Imagine a cell phone battery that charges with every step you take or a spacesuit that uses astronauts' expended energy to run the suit's electronics. A team of college students conducting NASA research on this innovative use of nanotechnology took their research to new heights. The team, comprising Hannah Clevenson, Olivia Lenz and Tanya Miracle, flew an experiment related to their nanotechnology research on a NASA reduced-gravity flight.
The Reduced Gravity Student Flight Opportunities Program at NASA's Johnson Space Center in Houston offers teams of undergraduate students the opportunity to propose, design, fabricate and fly experiments on a special reduced-gravity aircraft. The airplane makes a series of steep climbs followed by steep dives, called parabolic arcs, resulting in short periods of reduced gravity.
The team's experiment investigated the properties of zinc oxide nanowires produced in microgravity conditions and compared the results with the properties of zinc oxide nanowires produced in the laboratory. In particular, the team was interested in the effects of reduced-gravity on the morphology of the samples.
The students were participating in NASA's Motivating Undergraduates in Science and Technology, or MUST, project. NASA engineer Tamra George mentored the team.
According to Hannah Clevenson and the team's abstract, it is feasible that longer and straighter nanowires, as well as a larger quantity, could be produced in microgravity.
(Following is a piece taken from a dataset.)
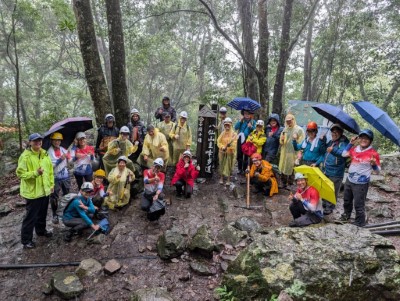 下雨也澆不熄步道志工們的熱情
These new and improved nanowires then could be used for a variety of applications, one of those being improved batteries.
Clevenson, an electrical engineering student at Cooper Union in New York City, said that while zinc oxide nanowires have been grown in many ways in the laboratory, little research has been done in the area of nanowire growth in microgravity.
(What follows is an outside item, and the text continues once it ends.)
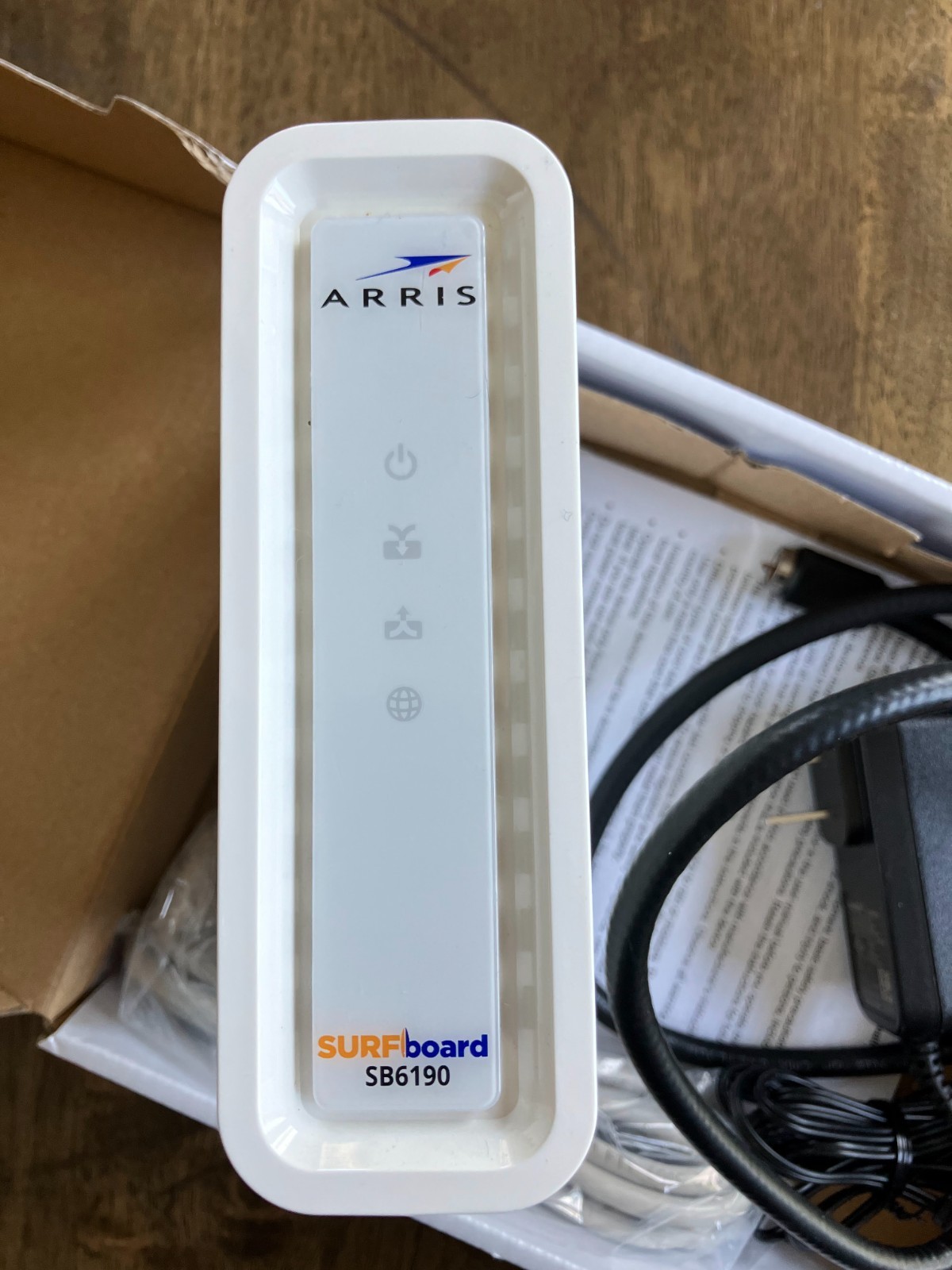 Arris SURF BOARD Sb6190 Cable Modem – in original box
"Nanowires have the potential to be used in a wide range of applications, from electronic devices to high capacity batteries," states the team's abstract. "ZnO (zinc oxide) is very inexpensive and has piezoelectric properties, and thus a highly desirable material. When a piezoelectric material is stressed, a voltage difference is created across the material. These types of materials could be used to harvest energy that is expended during routine daily tasks and possibly be useful as very compact, low-power backup energy sources for both robots and astronauts on lunar or planetary missions."
Team member Olivia Lenz said people are "wasting" energy to the environment all the time just by walking or moving their arms. "You can't stop this energy from escaping, but there may be a way to capture it, 'scavenge' it, and then charge a small battery," she said.
"Basically, the material we developed is piezoelectric, which means that when you bend or strain it, you distort the crystal structure and cause a dipole to develop across the length of the material. Eventually, this dipole change can be harnessed and produce an electric current that can be used to charge a device like your iPod or cell phone by walking. This topic is important because it can allow members of the military out in the middle of nowhere to charge their electronics without needing the sun or a generator. Or, the same material could be integrated into spacesuits to help sustain the electronics astronauts carry on their person when on an EVA."
University of Akron chemical engineering student Tanya Miracle added that a second benefit of the team's zinc oxide nanowire research is the potential for improving consumer batteries. "Zinc oxide holds up to 10 times the charge of lithium, so potentially it could replace lithium used in batteries," Miracle said. "This could either produce smaller batteries that allow for the same amount of energy to be stored or a battery that is of the same size, but could last 10 times as long. The electric car industry could easily use this to their advantage."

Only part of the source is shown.